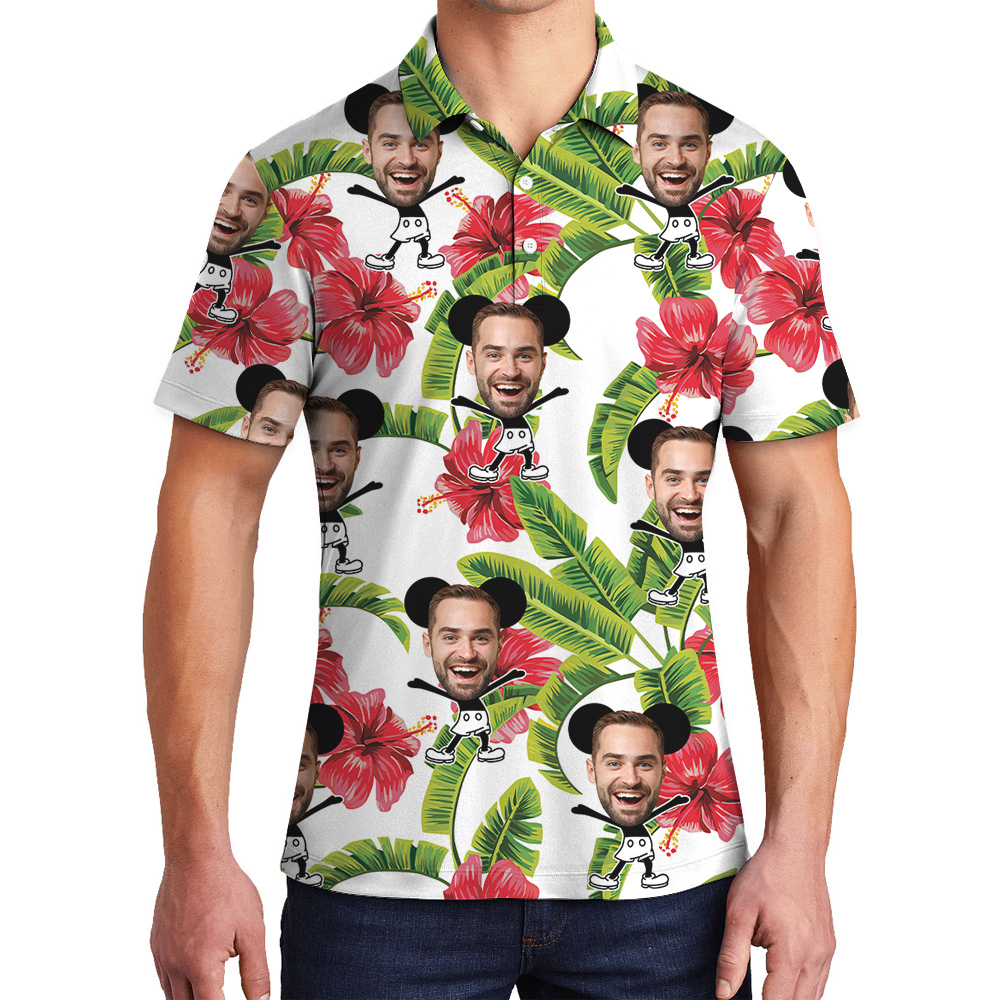 Funny Custom Face Steamboat Willie Mickey Floral Hawaiian Polo Shirt - variant image 1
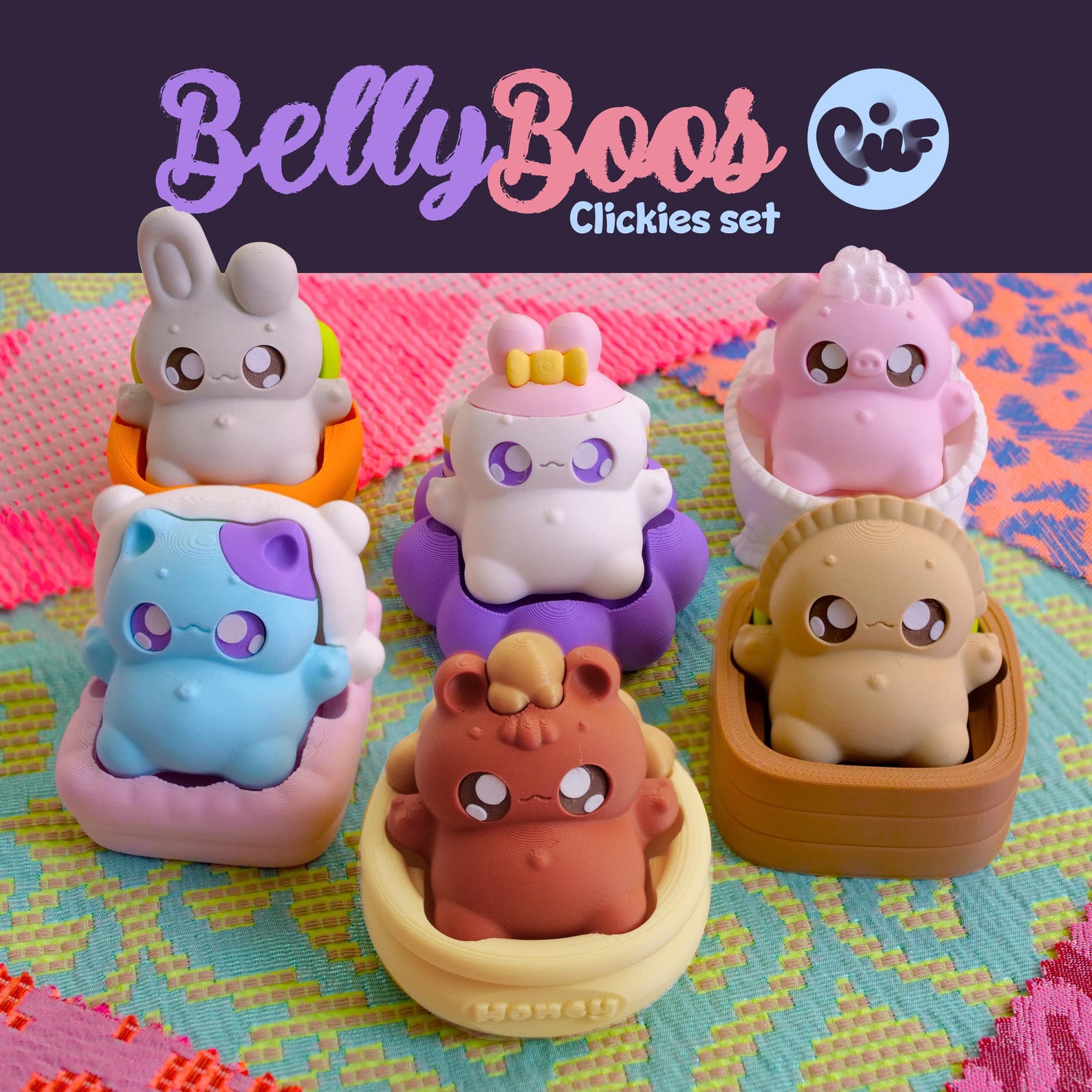 Bellyboos Clicker Fidget Toy – 3D Printed Desk Clicky Character - Etsy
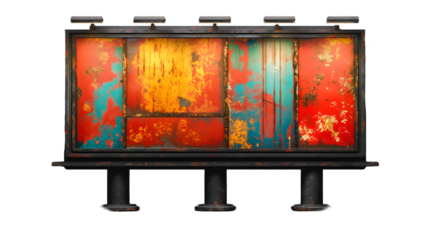 Grunge Billboard Paint-Splattered Retro Metal Advertising Panel.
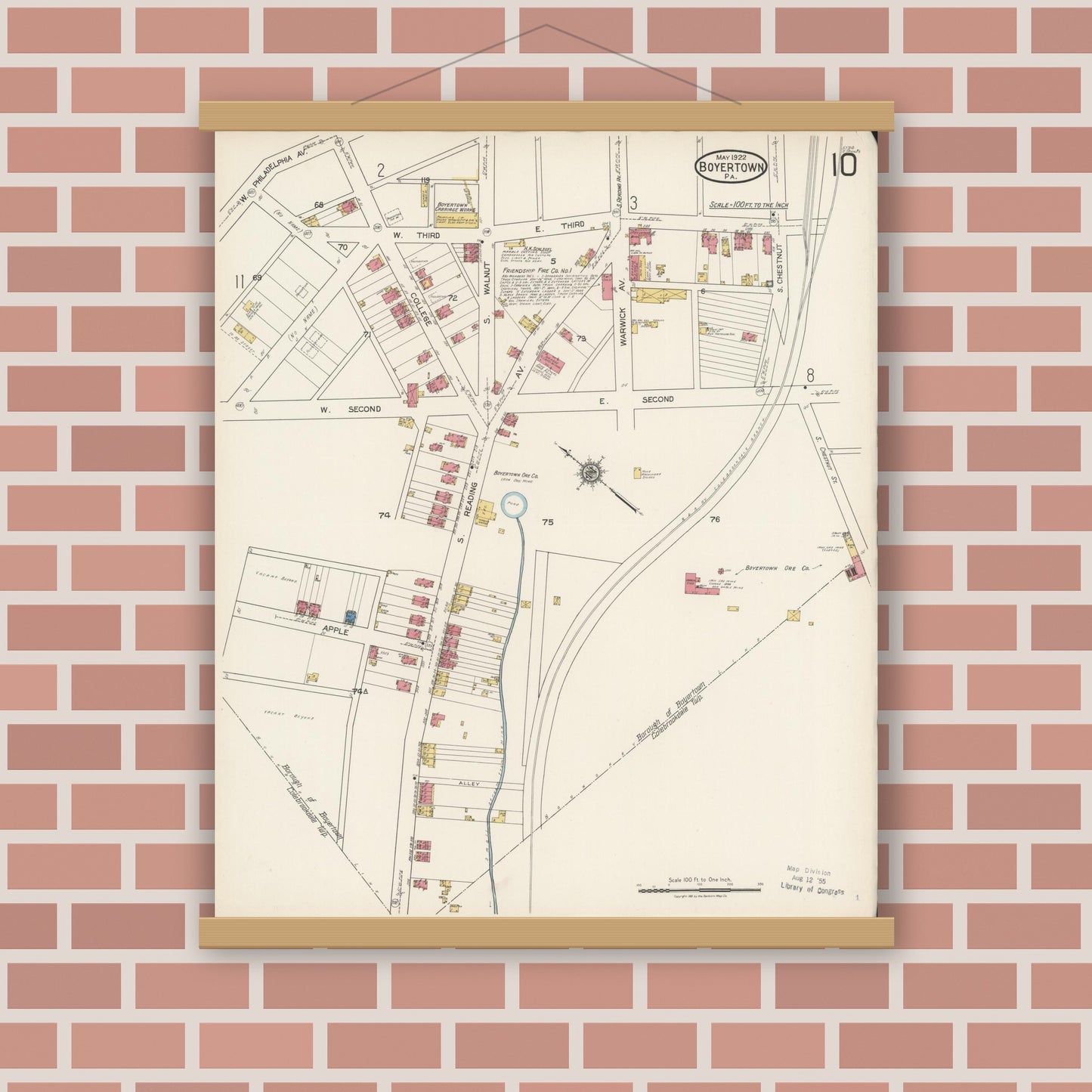 Old map wall art mockup — magnetic wood frame on brick wall — Sanborn Fire Insurance Map from Boyertown, Berks County, Pennsylvania (1922), Sheet #0010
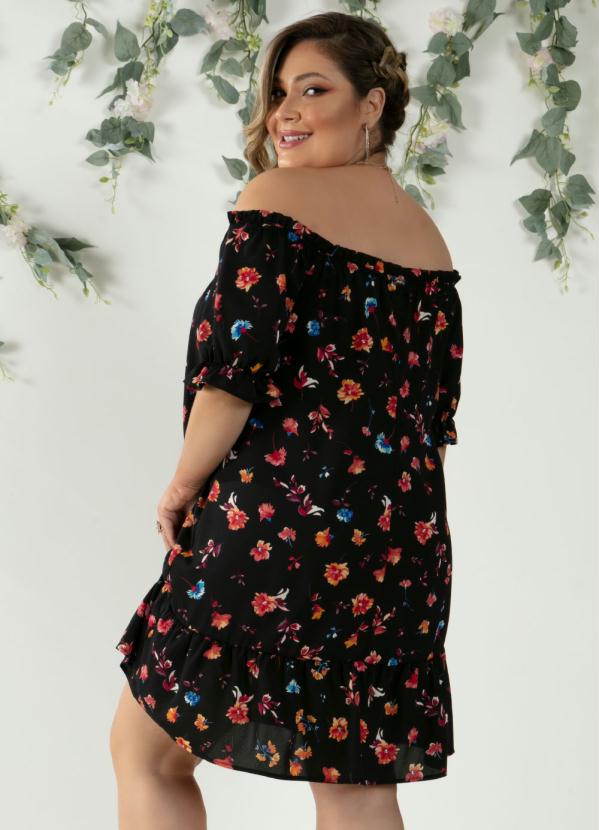 Quintess - Vestido Floral Preto com Mangas Formando Babados 7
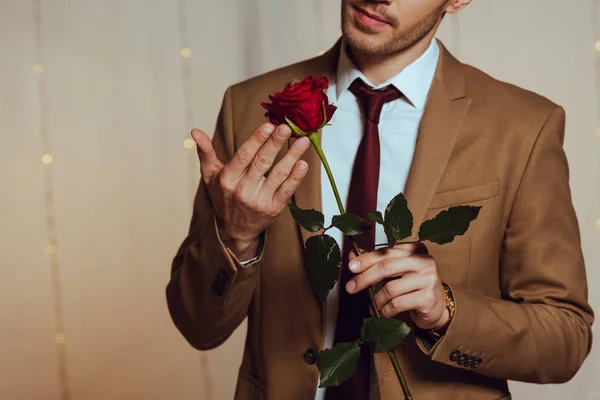 レストランに立ちながら赤いバラを持ったエレガントな男の部分的な眺め — ストック写真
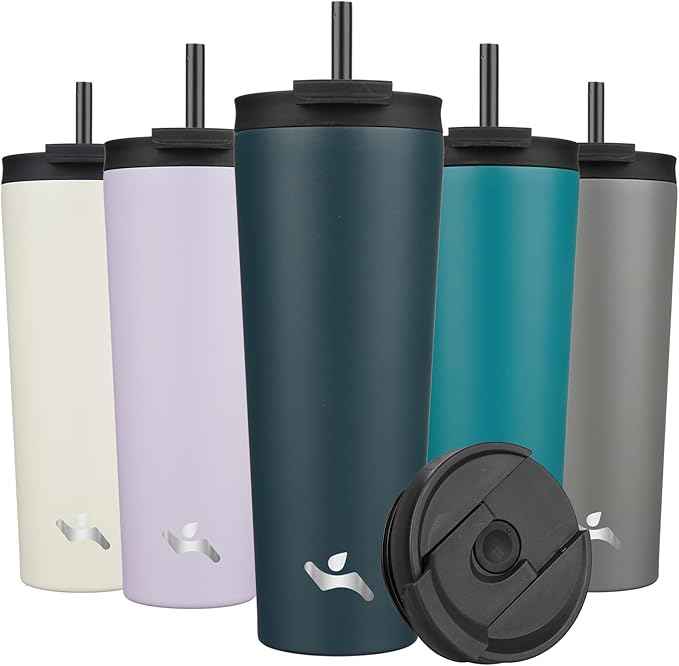 Konokyo 26 OZ Insulated Tumbler with Lid and 2 Straws Stainless Steel Water Bottle Vacuum Travel Mug Coffee Cup,Navy blue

◆ ◆ ◆ ◆

EXERCISE INSTRUCTIONS
Repeat exactly the lines from the start of the entries down to the line with "レストランに立ちながら赤いバラを持ったエレガントな男の部分的な眺め — ストック写真", keeping both ends but none of the pictures.

OUTPUT BELOW
 Funny Custom Face Steamboat Willie Mickey Floral Hawaiian Polo Shirt - variant image 1
 Bellyboos Clicker Fidget Toy – 3D Printed Desk Clicky Character - Etsy
 Grunge Billboard Paint-Splattered Retro Metal Advertising Panel.
 Old map wall art mockup — magnetic wood frame on brick wall — Sanborn Fire Insurance Map from Boyertown, Berks County, Pennsylvania (1922), Sheet #0010
 Quintess - Vestido Floral Preto com Mangas Formando Babados 7
 レストランに立ちながら赤いバラを持ったエレガントな男の部分的な眺め — ストック写真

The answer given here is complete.